The study is structured into three complementary research components:
Cross-sectional study: Utilizes standardized questionnaires to assess substance use
behaviors, trauma history, mental health status, and barriers to healthcare. The data
will be collected at baseline and analyzed using descriptive and multivariate statistical
techniques (R software).
Qualitative study: Conducts semi-structured interviews with a subset of participants who
engage in substance use. Thematic analysis using NVivo software will be applied to
explore individual narratives and subjective experiences related to substance use and
mental health perceptions.
Longitudinal interventional study: Implements focus group interventions within
transitional housing settings to evaluate their impact on psychological well-being and
attitudes toward healthcare. Pre- and post-intervention assessments will be conducted
using validated psychological measures.
Data will be analyzed using mixed models and appropriate statistical corrections to
assess intervention effectiveness.
Registry procedures and quality factors include a Quality Assurance Plan ensuring data
validation, site monitoring, and ethical compliance through adherence to the Committee
for the Protection of Persons (CPP) Ile-de-France; Data Checks & Source Data Verification
through automated validation rules and cross-checking against medical records; a Data
Dictionary defining all variables, including sources, coding systems (e.g., ICD-10, WHO
Drug Dictionary, MedDRA), and reference ranges; and Standard Operating Procedures (SOPs)
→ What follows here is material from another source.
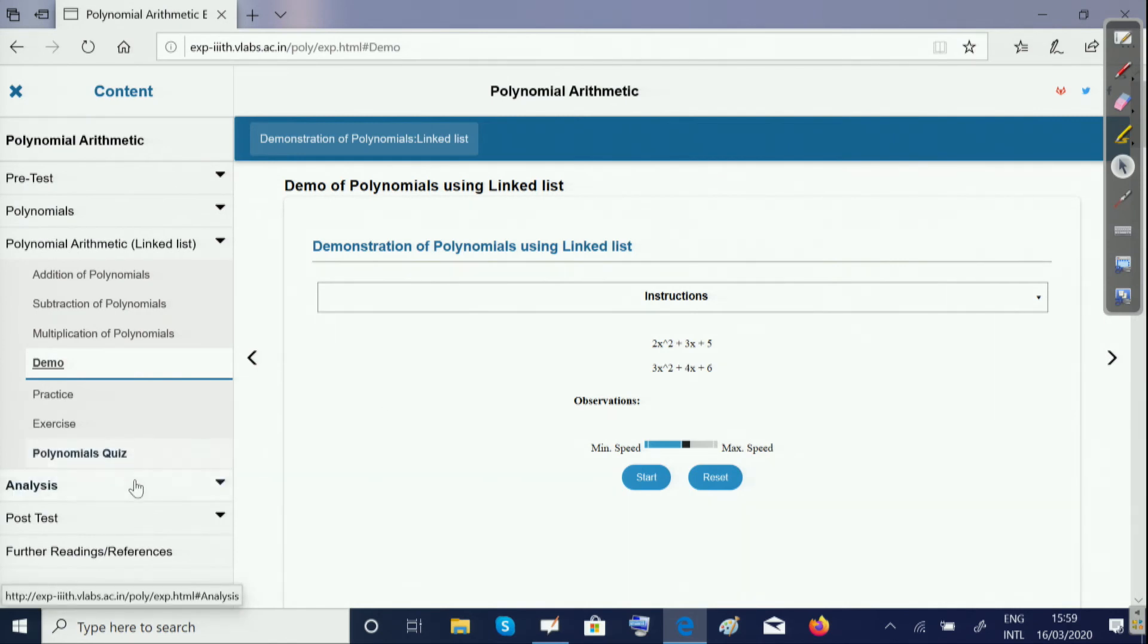This is followed by the analysis module, where you can learn about the time and space complexity of these operations.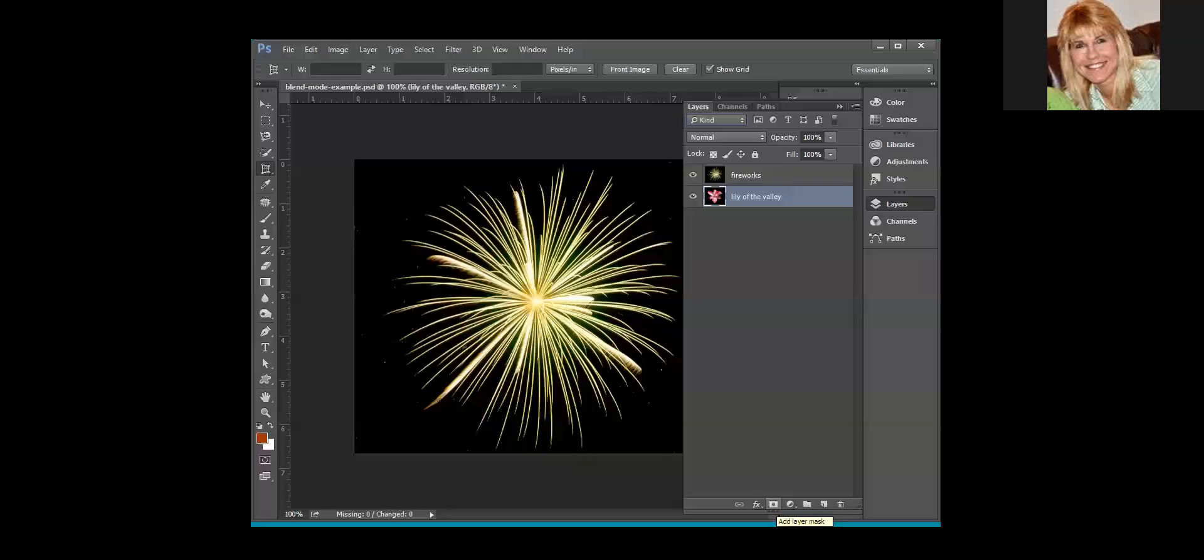The layer mask is basically used to hide a portion of a layer. We will be working with that later in the course. This is for adjustment layers. We will also be working with those later in the course. Adjustment layers are often used to correct problems in images.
for participant recruitment, data collection, data management, adverse event reporting,
and change management to ensure consistency and compliance. The Sample Size Assessment
includes at least 300 participants for the cross-sectional study to ensure statistical
power, 40 participants for qualitative interviews to achieve data saturation, and 6-8
participants per focus group session, with repeated measures over six months to track
changes. The plan for Missing Data incorporates multiple imputation techniques,
sensitivity analyses, and data inconsistency reviews. The statistical analysis plan
includes descriptive analyses for mean, median, and standard deviations, and inferential
analyses using logistic regression for risk factor identification, mixed-effects models
for intervention outcomes, and thematic coding for qualitative data analyzed with NVivo
software. Ethical considerations and registration details confirm that the study has
received ethical approval from the CPP Ile-de-France (November 18, 2024) and is
registered with the French National Agency for the Safety of Medicines and Health
Products (ANSM) under ID-RCB: 2024-A01534-43, with participant confidentiality maintained
through anonymized data storage and GDPR-compliant procedures. This detailed description
provides the necessary technical information on the ATICC study, ensuring compliance with
clinical trial registration requirements.